И Свирей встрепенулся:

— Как-как? Игнач? Значитца, Мишка Игнач? Интересное прозвание. Не встречал.

— Вы извините отца, Михаил Игнатьич. Это он не нарочно. В кузне постоянно шумно и слух со временем садится. А он в последнее время вообще туг на ухо стал. Да и годы у него уже…

— Нет-нет, не Игнач, а Игнатьич, — сказал я погромче, но видимо недостаточно громко. Свирей снова не расслышал:

— Игнач? Ну я и говорю Игнач. Значица. Хорошо!

Тут опять мне Сергей на ухо:

— Да пусть будет Игнач. Этот вопрос не такой важный. К делу переходи, а то, смотрю, они сейчас разбегаться начнут.

— Ладно, пусть будет Игнач.

Знал бы я тогда, что в этот самый момент меня заново окрестили.

— Большое дело у меня к вам. Нужно много чего сковать, а из всех кузнецов, кого не спрошу, все на вас, как на лучших показывают. Сталь, с которой вам предстоит работать дорогая, для работы с ней мастера требуются, а вот вы — такие мастера и есть.

При этих словах главы семейств гордо головы подняли и «осмотрелись», хотя кроме нас в комнате никого не было. Надо же, блин, это они так хорошо расслышали. И Свирей тоже.

— Вот только говорят, что ты, Ремша Жданович и ты, Свирей Даромирович, с детства друзьями были, да сегодня в ссоре великой находитесь. Можно ли вам совместное большое дело доверить? О причине ссоры не спрашиваю…
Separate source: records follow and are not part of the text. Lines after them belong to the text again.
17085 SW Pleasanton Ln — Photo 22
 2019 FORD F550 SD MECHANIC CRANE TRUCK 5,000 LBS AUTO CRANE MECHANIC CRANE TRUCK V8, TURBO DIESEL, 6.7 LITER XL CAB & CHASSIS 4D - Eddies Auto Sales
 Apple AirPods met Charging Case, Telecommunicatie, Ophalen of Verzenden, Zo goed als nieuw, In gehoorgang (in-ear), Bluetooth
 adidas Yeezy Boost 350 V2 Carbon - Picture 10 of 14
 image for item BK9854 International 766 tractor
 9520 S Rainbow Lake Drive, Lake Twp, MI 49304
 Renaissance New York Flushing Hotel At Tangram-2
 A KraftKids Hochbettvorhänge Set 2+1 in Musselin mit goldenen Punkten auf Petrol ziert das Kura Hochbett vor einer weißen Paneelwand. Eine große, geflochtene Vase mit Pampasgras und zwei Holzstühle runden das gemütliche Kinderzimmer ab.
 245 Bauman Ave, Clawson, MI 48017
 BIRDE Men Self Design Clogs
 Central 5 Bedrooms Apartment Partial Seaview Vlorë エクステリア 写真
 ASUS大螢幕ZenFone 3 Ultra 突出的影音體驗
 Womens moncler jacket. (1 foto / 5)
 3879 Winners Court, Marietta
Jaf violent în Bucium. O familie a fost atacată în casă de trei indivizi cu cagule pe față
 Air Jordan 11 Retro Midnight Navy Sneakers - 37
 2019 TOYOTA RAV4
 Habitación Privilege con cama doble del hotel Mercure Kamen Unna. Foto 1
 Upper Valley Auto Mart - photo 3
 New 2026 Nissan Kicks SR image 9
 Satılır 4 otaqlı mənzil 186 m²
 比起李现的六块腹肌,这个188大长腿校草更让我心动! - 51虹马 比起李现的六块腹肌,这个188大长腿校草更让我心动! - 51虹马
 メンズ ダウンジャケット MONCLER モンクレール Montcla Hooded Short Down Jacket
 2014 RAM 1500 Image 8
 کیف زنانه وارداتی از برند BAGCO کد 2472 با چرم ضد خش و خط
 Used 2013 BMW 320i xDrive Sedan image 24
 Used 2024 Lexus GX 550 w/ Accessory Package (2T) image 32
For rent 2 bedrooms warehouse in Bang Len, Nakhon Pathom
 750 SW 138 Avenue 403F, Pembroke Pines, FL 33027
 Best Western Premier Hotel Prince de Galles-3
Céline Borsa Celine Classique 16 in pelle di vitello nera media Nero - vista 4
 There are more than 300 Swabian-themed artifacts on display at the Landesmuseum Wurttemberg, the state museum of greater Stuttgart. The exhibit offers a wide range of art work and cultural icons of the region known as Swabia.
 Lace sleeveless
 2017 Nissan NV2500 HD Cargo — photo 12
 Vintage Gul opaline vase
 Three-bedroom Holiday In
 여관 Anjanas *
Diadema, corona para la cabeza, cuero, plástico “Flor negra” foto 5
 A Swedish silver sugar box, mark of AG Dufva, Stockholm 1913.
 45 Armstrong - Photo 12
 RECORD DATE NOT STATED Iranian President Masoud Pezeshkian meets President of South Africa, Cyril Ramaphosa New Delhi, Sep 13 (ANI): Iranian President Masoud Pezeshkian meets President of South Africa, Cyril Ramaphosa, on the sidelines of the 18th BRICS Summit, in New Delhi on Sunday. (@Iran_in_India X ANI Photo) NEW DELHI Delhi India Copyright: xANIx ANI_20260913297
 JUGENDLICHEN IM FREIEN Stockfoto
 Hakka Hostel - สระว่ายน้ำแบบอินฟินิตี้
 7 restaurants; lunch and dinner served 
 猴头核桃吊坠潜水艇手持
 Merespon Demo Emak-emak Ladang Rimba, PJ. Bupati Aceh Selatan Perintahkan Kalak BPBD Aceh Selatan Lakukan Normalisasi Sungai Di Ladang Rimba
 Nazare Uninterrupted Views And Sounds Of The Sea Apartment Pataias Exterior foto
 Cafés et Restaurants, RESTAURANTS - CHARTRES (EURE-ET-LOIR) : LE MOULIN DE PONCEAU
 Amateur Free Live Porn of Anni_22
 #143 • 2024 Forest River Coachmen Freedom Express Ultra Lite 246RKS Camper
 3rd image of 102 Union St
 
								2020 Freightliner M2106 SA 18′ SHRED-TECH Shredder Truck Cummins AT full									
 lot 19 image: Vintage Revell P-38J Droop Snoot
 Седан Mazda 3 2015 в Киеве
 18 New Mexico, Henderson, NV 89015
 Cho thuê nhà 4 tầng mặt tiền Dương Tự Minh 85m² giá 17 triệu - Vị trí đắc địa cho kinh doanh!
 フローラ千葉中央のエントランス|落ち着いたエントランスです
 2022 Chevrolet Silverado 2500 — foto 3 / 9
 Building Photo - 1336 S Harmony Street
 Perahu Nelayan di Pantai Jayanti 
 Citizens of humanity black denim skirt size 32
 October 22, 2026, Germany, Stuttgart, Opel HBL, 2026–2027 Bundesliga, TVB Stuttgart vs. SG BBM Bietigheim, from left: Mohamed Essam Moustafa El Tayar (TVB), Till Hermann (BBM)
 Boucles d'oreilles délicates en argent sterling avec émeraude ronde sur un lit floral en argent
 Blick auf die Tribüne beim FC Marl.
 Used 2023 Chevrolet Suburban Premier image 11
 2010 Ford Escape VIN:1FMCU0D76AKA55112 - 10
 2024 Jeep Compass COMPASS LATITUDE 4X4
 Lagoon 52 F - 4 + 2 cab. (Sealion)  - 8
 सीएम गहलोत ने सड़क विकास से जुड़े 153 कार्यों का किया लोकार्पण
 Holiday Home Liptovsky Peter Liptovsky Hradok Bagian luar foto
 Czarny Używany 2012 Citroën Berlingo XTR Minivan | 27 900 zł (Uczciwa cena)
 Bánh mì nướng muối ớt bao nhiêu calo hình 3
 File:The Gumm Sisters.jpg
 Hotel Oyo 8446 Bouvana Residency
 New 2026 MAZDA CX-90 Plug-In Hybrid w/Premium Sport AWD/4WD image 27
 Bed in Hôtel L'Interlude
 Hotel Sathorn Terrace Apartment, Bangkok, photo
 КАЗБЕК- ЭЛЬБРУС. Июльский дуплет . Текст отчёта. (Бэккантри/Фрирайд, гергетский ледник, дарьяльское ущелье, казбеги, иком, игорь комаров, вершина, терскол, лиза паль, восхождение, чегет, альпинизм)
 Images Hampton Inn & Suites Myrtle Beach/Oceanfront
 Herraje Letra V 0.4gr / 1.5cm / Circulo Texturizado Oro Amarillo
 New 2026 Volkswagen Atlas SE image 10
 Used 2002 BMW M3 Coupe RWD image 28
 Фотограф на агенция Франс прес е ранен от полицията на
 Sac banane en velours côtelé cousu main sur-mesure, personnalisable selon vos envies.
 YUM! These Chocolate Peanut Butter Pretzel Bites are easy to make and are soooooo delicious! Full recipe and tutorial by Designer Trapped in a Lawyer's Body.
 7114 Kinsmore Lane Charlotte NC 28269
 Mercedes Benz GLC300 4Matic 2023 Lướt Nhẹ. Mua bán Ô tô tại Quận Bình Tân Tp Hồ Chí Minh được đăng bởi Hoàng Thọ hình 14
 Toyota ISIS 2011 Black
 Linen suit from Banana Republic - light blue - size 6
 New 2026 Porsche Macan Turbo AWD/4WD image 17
Но тут Свирей меня перебил. Причем смотрел на меня, но обращался явно не ко мне, а к Ремше:

— Дык ну не могу я, не могу дочь свою в нищету отдать.

— Это ты где нищету увидел? — взвился Ремша, — знаешь ты кто?

Продолжить я ему не дал:

— Остановитесь, гости дорогие. Все-таки вы в гостях, да и пост, считай, на дворе вот-вот начнется. Если мы будем продолжать оставаться злыми, лукавыми, раздражительными, будем ссориться с ближними, осуждать их, болтать попусту — это будет не по-божески.

— А ты что, святой?

— Может быть и святой, — ответил я с мягким нажимом.

Потом в возникшей тишине я подошел к столу и откинул угол мешковины, прикрывающий мою самую большую наковальню. Восемь пудов великолепной стали. Где такую в средневековье найдешь? Все гости мои, не мигая, уставились на нее.

— Я так понимаю, что весь сыр-бор вот из-за такого?

Здесь я вынул из кармана заготовленный заранее шарик от подшипника, поднял руку сантиметров на 30 над зеркалом наковальни и отпустил его. В гремящей тишине шарик ударился о наковальню и подскочил назад до самой руки.